WHAT NEEDS TO BE DONE
Send each entry back exactly as given, pictures excluded.

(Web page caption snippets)

########

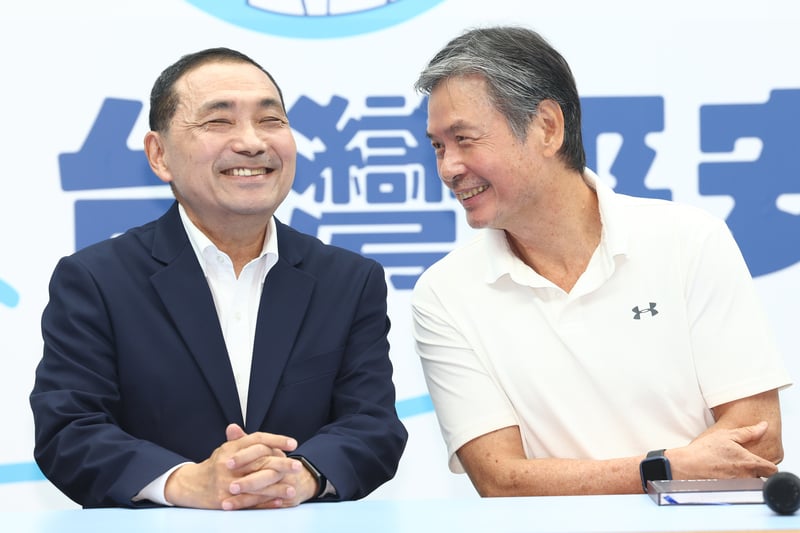 國安會前秘書長金溥聰(右)出任侯友宜(左)競選辦公室執行長。中央社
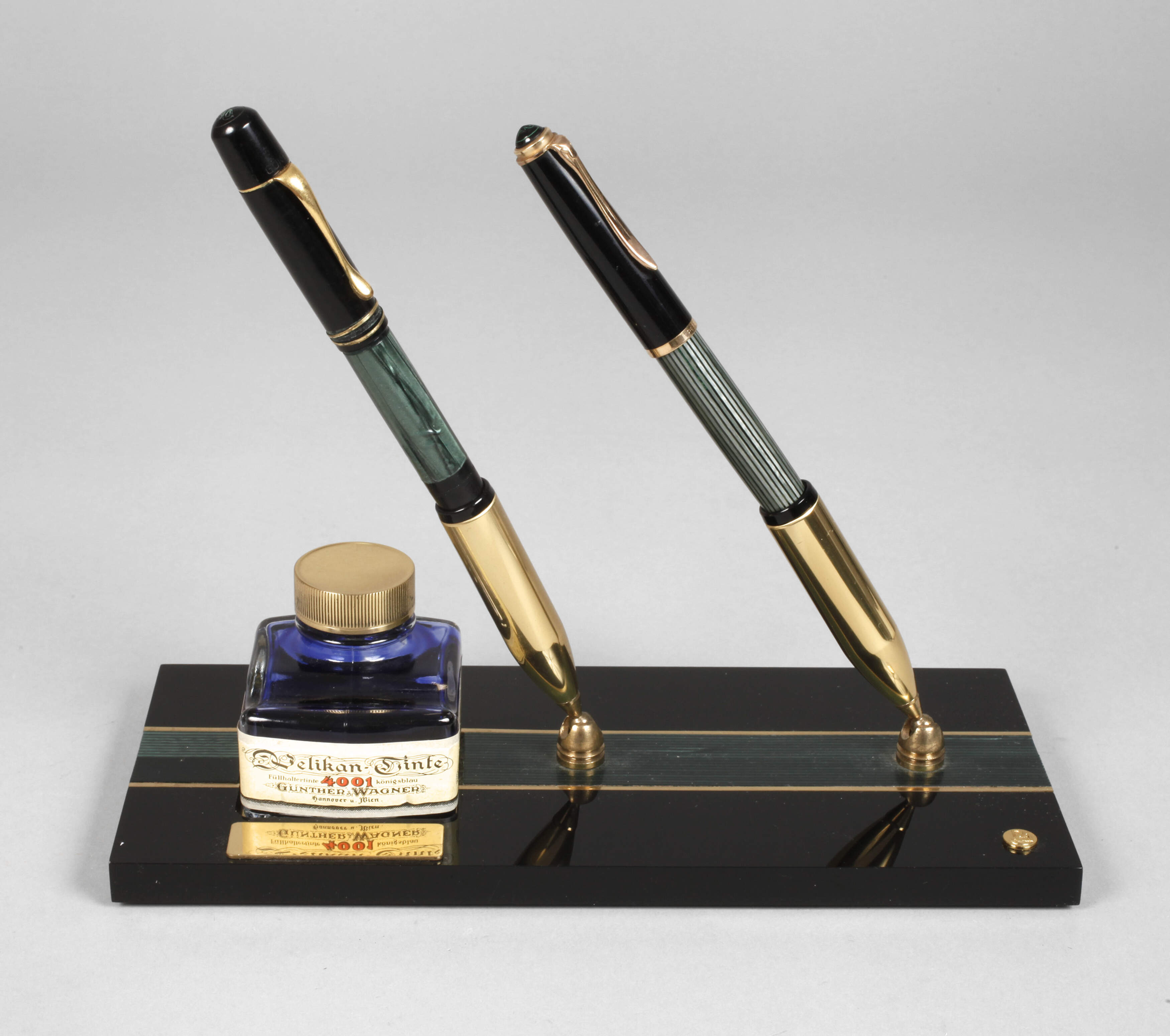 Schreibgarnitur und zwei Füllfederhalter Pelikan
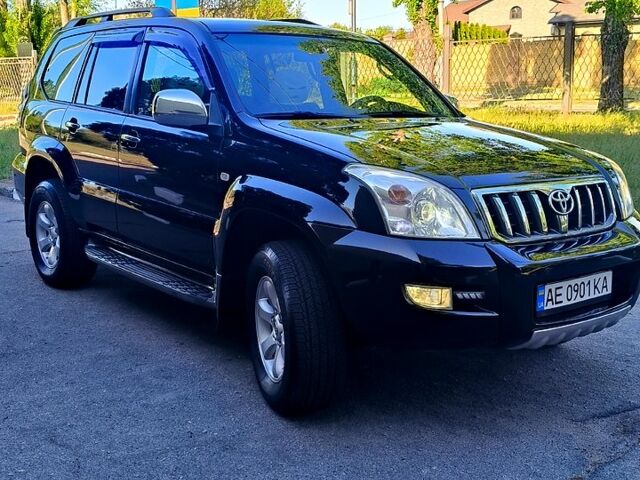 Чорний Тойота Ленд Крузер, об'ємом двигуна 4 л та пробігом 200 тис. км за 16000 $, фото 4 на Automoto.ua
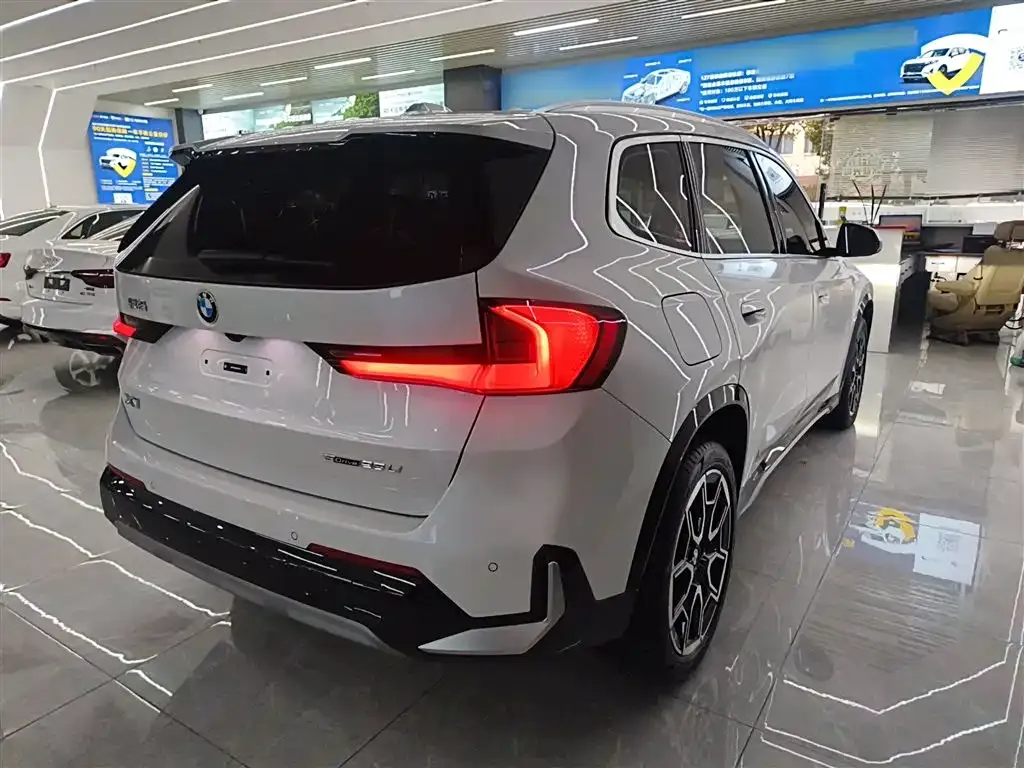 BMW X1 — фото 5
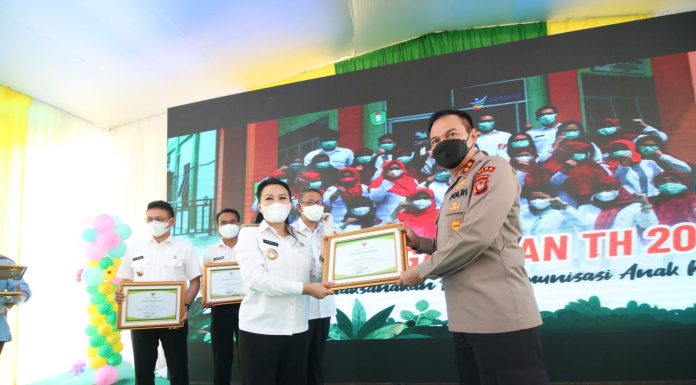 Bupati Karolin Terima Penghargaan Pelaksanaan Imunisasi Rutin se-Kalbar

########

WRITTEN ANSWER
 國安會前秘書長金溥聰(右)出任侯友宜(左)競選辦公室執行長。中央社
 Schreibgarnitur und zwei Füllfederhalter Pelikan
 Чорний Тойота Ленд Крузер, об'ємом двигуна 4 л та пробігом 200 тис. км за 16000 $, фото 4 на Automoto.ua
 BMW X1 — фото 5
 Bupati Karolin Terima Penghargaan Pelaksanaan Imunisasi Rutin se-Kalbar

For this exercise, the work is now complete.